The main thing I need to work on is reducing the palm up/palm down repetitions. Literally might be 1000 reps on a normal work day.
I don't think I know a single person who works in a factory, or assembly line, construction, or other repetitive motion job that doesn't have some sort of chronic pain.
I spent five years "marking timber". This involved using paint guns with a squeeze mechanism on a very tightly sprung paint gun, with quart sized cans screwed onto the bottom. Most normal days we would go through 36 quarts per person, but on a nice weather day when everyone slept well, and depending on timber densities and prescriptions, we did go as high as 48 quarts in a day. You would think we would all have had Popeye forearms and be able to crush a walnut with our fingers. Instead we all had carpal tunnel and nerve damage.
If I do some quick math figuring:
43,560 sqft / acre
Residual density was about 20' x 20', so that's 400 sqft per tree. Divide that into 43,560 and you get 108 trees per acre.
I would typically mark about 10 acres on average per day, so that's 1080 trees marked per day.
It took 9 squeezes of the paint gun per tree to get an adequate mark. So that's 9,720 squeezes of that paint gun per day, and 38,880 per week. I'll figure 4 days per week, because we did have other duties to perform as well, but we did work 6 days a week sometimes. That's 2,021,276 per year, and 10,108,800 in the five years I did the job, and countless miles walked.

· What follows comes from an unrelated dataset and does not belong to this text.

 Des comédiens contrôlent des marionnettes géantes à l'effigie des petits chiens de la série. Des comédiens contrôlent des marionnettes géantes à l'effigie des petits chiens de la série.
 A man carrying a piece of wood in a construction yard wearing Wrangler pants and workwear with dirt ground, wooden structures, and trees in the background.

I remember my finger tips often felt cold on warm days and I would drop something out of the blue. It would just slip from between my fingers and I'd have no idea until it hit me in the foot. After doing the math, I see why.
I'm very fortunate that this was between the ages of 23 and 28, and is many years past. Those were good years, and a ton of fun, but when I think about what I was doing to my hands, not to mention the beating my ankles, knees, hips, and back took from constantly hiking, I shutter a bit. I only got into shooting the last year or two I did that job, and then I was promoted. I wonder how my poor shooting back then was added to with the impacts of that job.

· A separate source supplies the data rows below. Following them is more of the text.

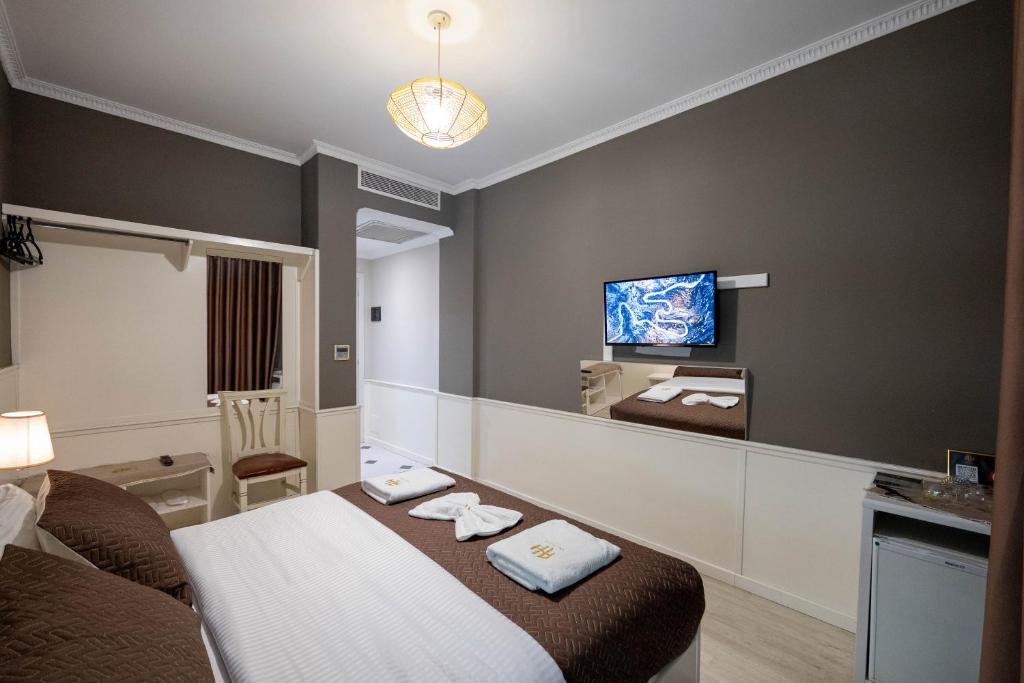 Postel nebo postele na pokoji v ubytování Hotel Aria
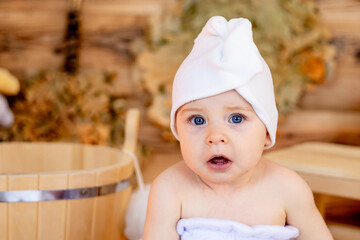 a cute little child in a towel and a turban on his head after bathing sits in a steam room in a...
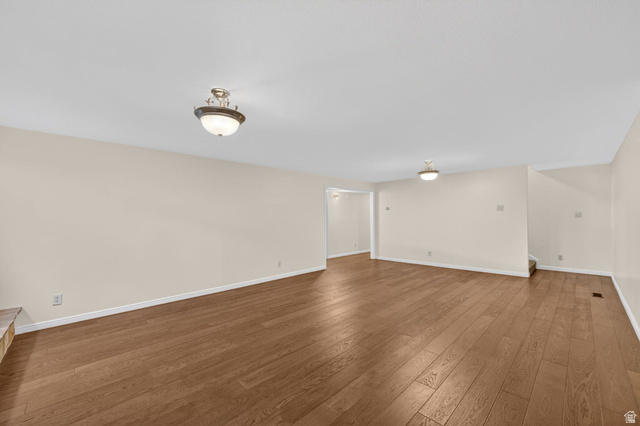 3120 North Apache Way Provo, UT 84604 - Photo 40 of 58 Spacious room featuring wood-finish flooring, neutral-toned walls, and multiple ceiling-mounted light fixtures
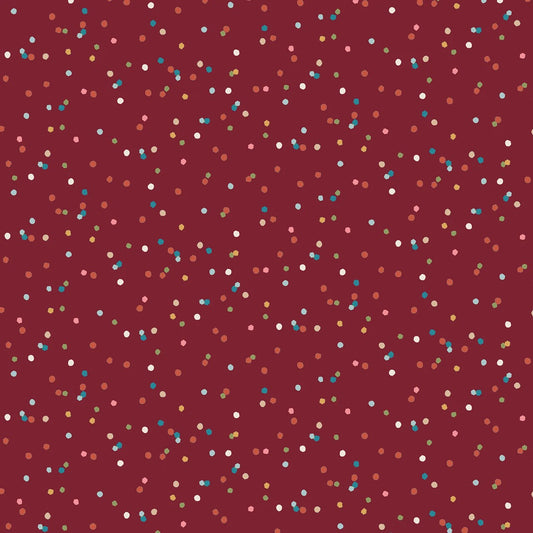 A repeating confetti pattern of small multicolored dots on a deep burgundy background.
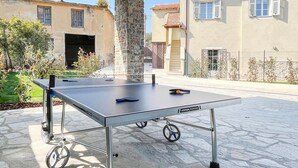 Una mesa de ping pong en un patio exterior con suelo y pilar de piedra.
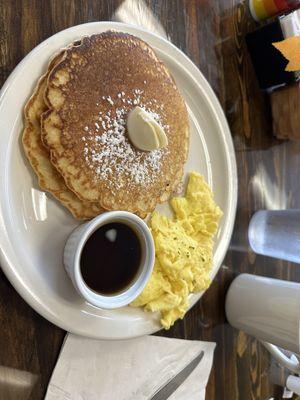 Pancakes and scrambled eggs with a side of maple syrup.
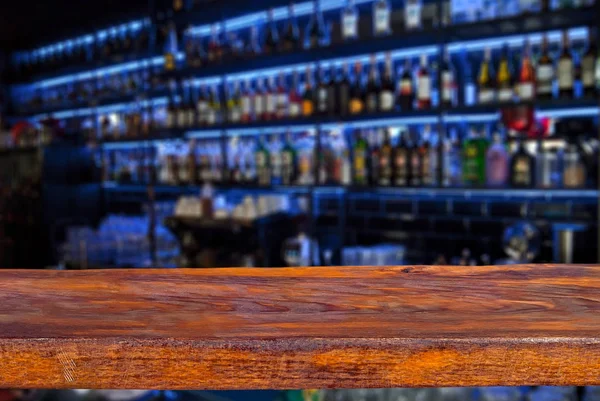 Wooden board on a background of bottles with alcohol. Old bar counter as layout for design. Workpiece for design. Empty place to advertise products. Blurred interior of the bar in the background.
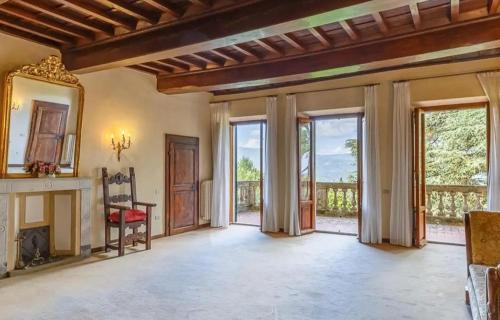 an empty living room with a fireplace and sliding glass doors at Agriresort & Spa Fattoria I Ricci in Vicchio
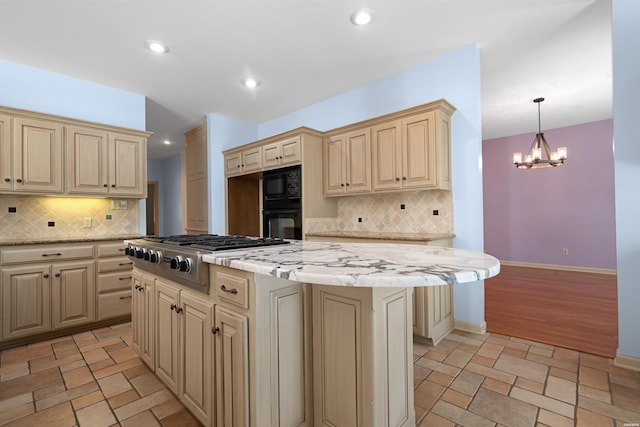 kitchen featuring stone tile floors, baseboards, cream cabinets, black appliances, and recessed lighting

One thing is for sure, I'm a much better shooter now, though a lot of that is experience of course. I doubt very much that I could have tolerated reloading.

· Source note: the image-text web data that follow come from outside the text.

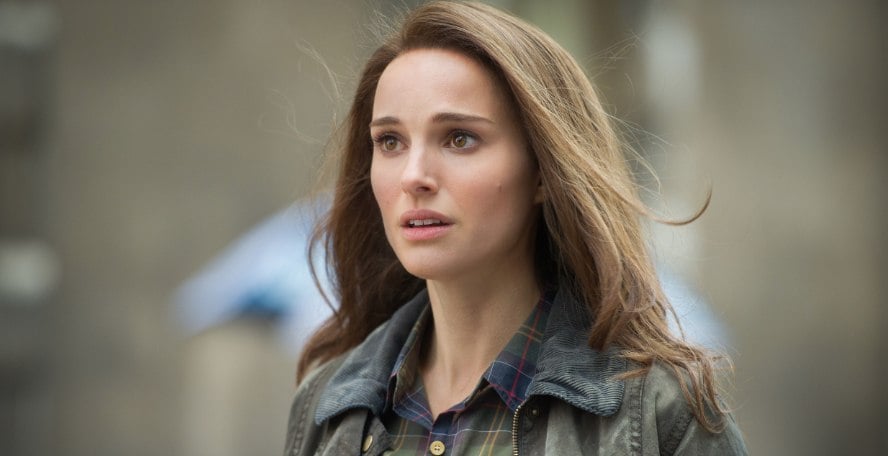 Natalie Portman, wearing a jacket, and looking concerned off into the distance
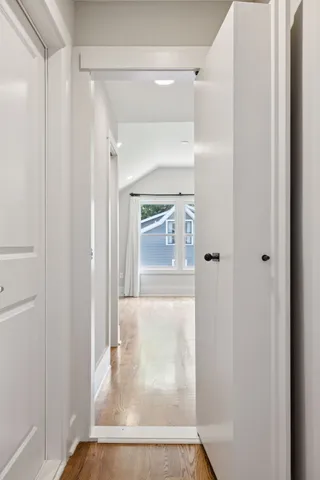 an empty room with cabinet and windows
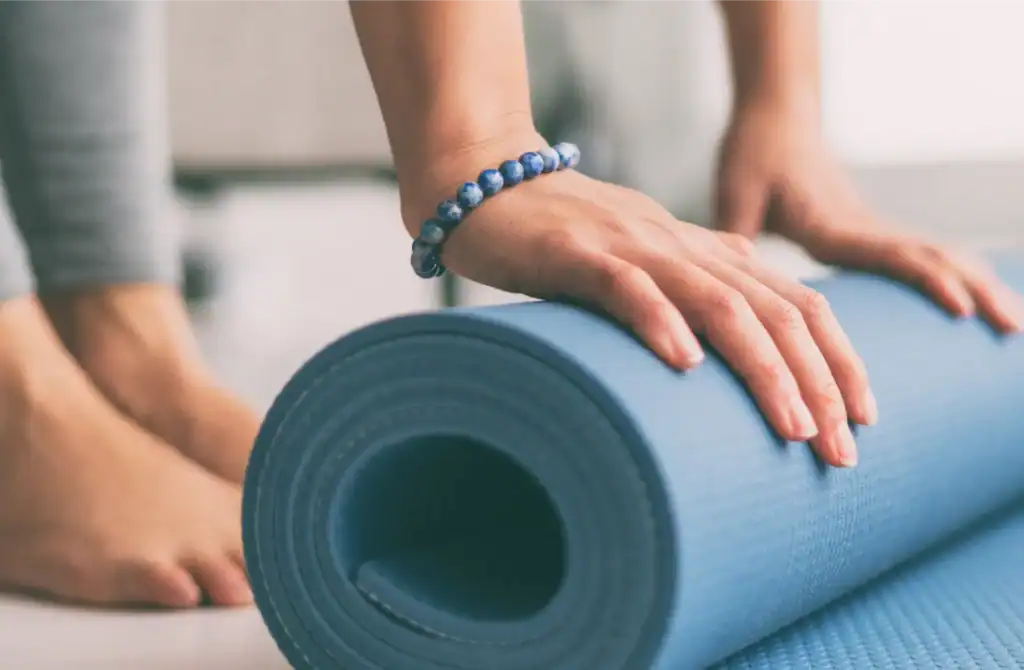 Persona che fa esercizi di yoga con tappetino blu in casa.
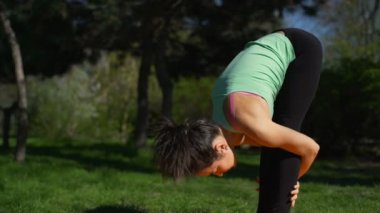 Park ağır çekimde sarı halı üzerinde uzanan genç güzel kadın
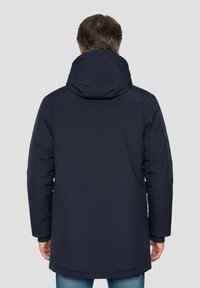 Veste matelassée bleu marine avec capuche. Présente une coupe droite et des manches longues, fabriquée en tissu texturé et résistant à l'eau.
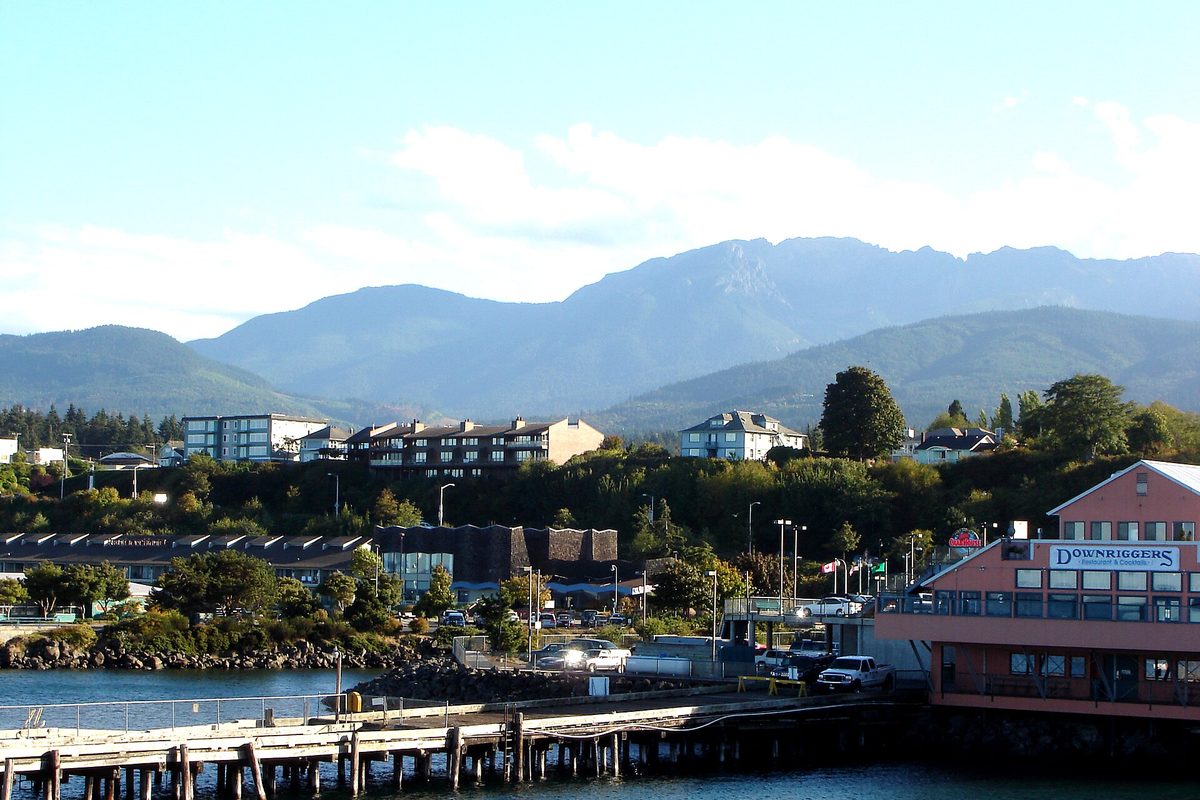 Port Angeles waterfront seen from the ferry, with a wooden pier, a red waterfront building, houses on the hill and the Olympic Mountains behind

All in all I'm in good health for a early middle aged guy, and I hope it stays that way. I do wonder though will my repetitive habits do harm in the long run. I mean I have already worn out more boots hiking at age 39 than some people will in a lifetime. I religiously lift fairly heavy dumbbells every other night as well and my hands and arms are sore afterwards. I sometimes wonder if it is a detriment to shooting. Maybe a more moderate weight would be better.
Occasionally I end up with a locked up back after a range session. I can't tolerate a modified isosceles stance for very long as being slightly leaned forward ruins my back fast. So I instinctively fall into a Weaver stance. However, that position hurts after very long also. So I have to switch things up. I expect this would be a major detriment if I ever chose to compete.